The museum is looking to relaunch in spring 2020, with minimal closures during the redevelopment.
Bartholomew says recording and interpreting patients’ experiences who were subject to the tools of the surgical trade can be a challenge.
“Instruments are grisly things and that side of the story is quite visceral; people are horrified and compelled in equal measure, just like when they watch medical documentaries on television,” she says. “It’s not necessarily what you want to think about when you’re in a museum on a Saturday afternoon so there’s a balancing act in terms of engaging visitors with the content.”
Similarly, the museum’s strong key stage two and GCSE student audiences have to be considered, adds Bartholomew, who believes the future lies in the interpretation and storytelling of objects, such as a 17th-century corrective orthopaedic frame.
“It looks like a suit of armour but it’s a set of devices that attach to each other.

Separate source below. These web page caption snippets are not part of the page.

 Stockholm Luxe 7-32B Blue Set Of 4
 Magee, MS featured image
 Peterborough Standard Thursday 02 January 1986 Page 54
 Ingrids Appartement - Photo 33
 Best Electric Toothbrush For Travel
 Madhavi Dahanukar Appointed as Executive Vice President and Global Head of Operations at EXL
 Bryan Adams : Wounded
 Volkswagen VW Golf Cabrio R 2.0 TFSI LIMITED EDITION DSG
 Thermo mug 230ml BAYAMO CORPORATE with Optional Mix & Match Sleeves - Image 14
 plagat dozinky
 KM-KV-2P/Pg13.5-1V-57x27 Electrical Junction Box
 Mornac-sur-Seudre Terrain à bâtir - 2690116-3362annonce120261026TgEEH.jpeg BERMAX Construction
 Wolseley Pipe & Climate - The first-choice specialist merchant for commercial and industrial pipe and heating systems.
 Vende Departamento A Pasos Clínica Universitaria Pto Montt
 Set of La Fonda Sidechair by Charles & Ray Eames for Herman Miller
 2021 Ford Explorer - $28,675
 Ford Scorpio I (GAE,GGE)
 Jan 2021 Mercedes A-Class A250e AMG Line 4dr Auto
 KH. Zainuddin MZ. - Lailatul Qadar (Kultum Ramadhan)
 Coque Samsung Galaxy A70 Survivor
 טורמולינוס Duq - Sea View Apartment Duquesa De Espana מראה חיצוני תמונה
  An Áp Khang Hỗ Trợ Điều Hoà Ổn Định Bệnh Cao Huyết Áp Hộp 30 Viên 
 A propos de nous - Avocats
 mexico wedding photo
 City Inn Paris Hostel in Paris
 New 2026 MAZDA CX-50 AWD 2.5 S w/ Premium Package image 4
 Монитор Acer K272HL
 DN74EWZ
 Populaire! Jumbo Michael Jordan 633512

It speaks of the roots of the medical industry when a surgeon visited a metalworker or blacksmith to make bespoke equipment, and there’s something about the hardness of metal adapted to fit soft human tissue.”
Another talking point is Hannah Dyson’s Ordeal, a graphic audiovisual depiction of Victorian surgery based on the true story of an 11-year-old girl who needed treatment for a leg injury sustained at the mill where she worked. “As a visitor, I wouldn’t go anywhere near the film but, after applying for a post here, I felt I had to see it to make sure that I could do the job,” says Bartholomew. “I ended up working in an office directly above it for six years, listening to poor Hannah scream the place down every few hours. It’s better to concentrate on the positive life-saving aspect of what we show here – that’s probably how medics cope with it all.